THE women of Navunievu and Tavulomo in Bua including Vusasivo in Cakaudrove have been reaping the rewards of hard work from the sale of their pearls.
Acting North principal fisheries officer Joji Vakawaletabua said the women's group in Tavulomo had managed to make a profit of $3000 while their counterparts in Navunievu managed to collect $4000 from pearl sales.
Mr Vakawaletabua said the women's group in Tavulomo and Navunievu had cultivated six pearl lines of 100 metres last year.
"We actually started off the project as a research to also gauge the demand for pearls in the market," he said.
"In a way the farms have also stopped people from exploiting pearls in nature, which has an important task of regulating the marine ecosystem.
"When pearls are cultivated in farms people can know the age and size of the pearls and whether they are ready for harvest."
Mr Vakawaletabua said local pearls met global standards and this was evident in how they have also hit the Japanese market.

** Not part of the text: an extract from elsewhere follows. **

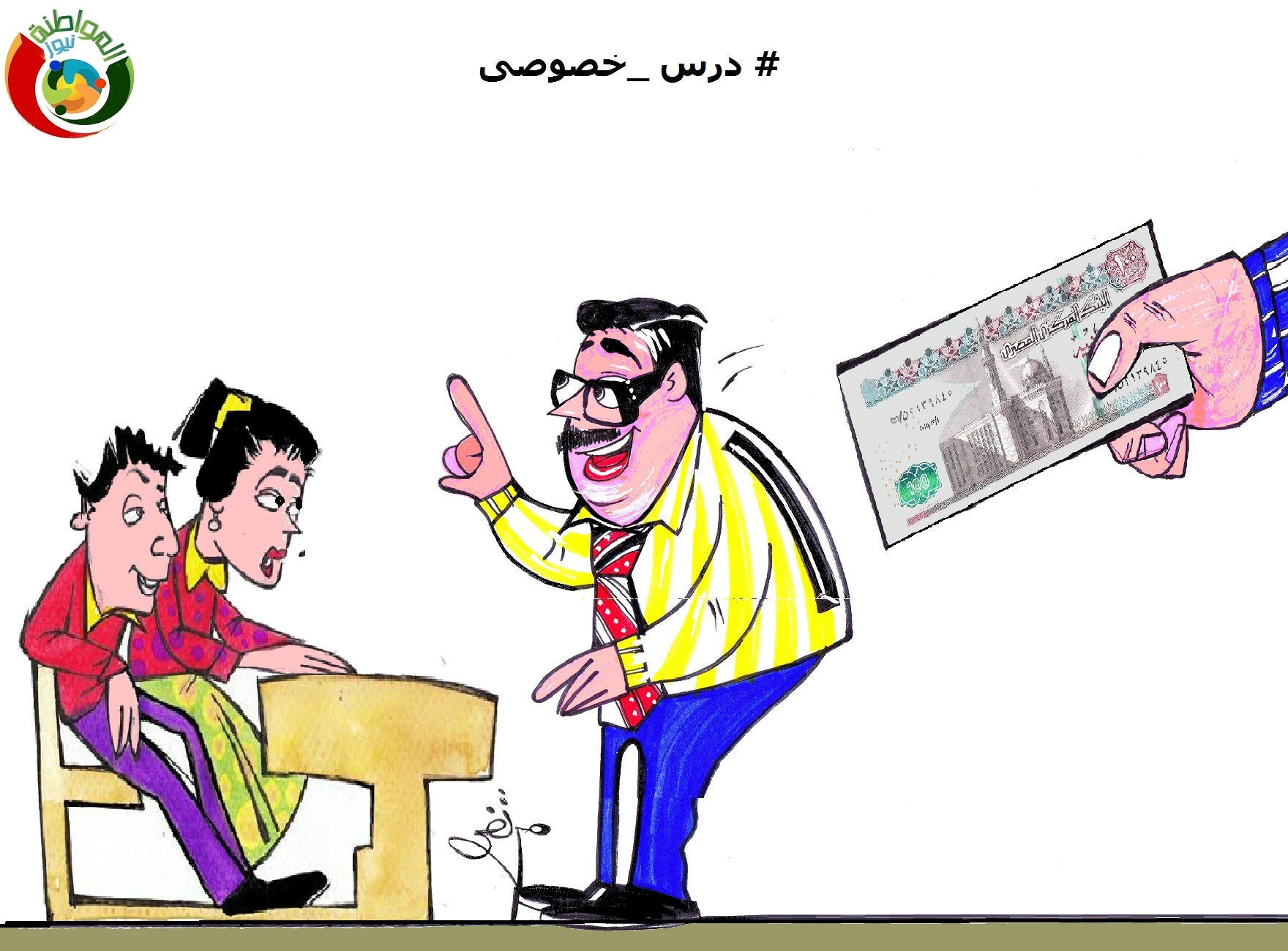 درس خصوصى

"The Japanese pearl market used to buy only Tahitian and Cook Island pearls because of their quality but now this has changed," he said.
"Because of the standards of our pearls, Japanese markets have opened up and now we even have Japanese technicians in Savusavu seeding oysters.
"We are even aware that J Hunter Pearl Company has started delving into the Eastern European pearl market."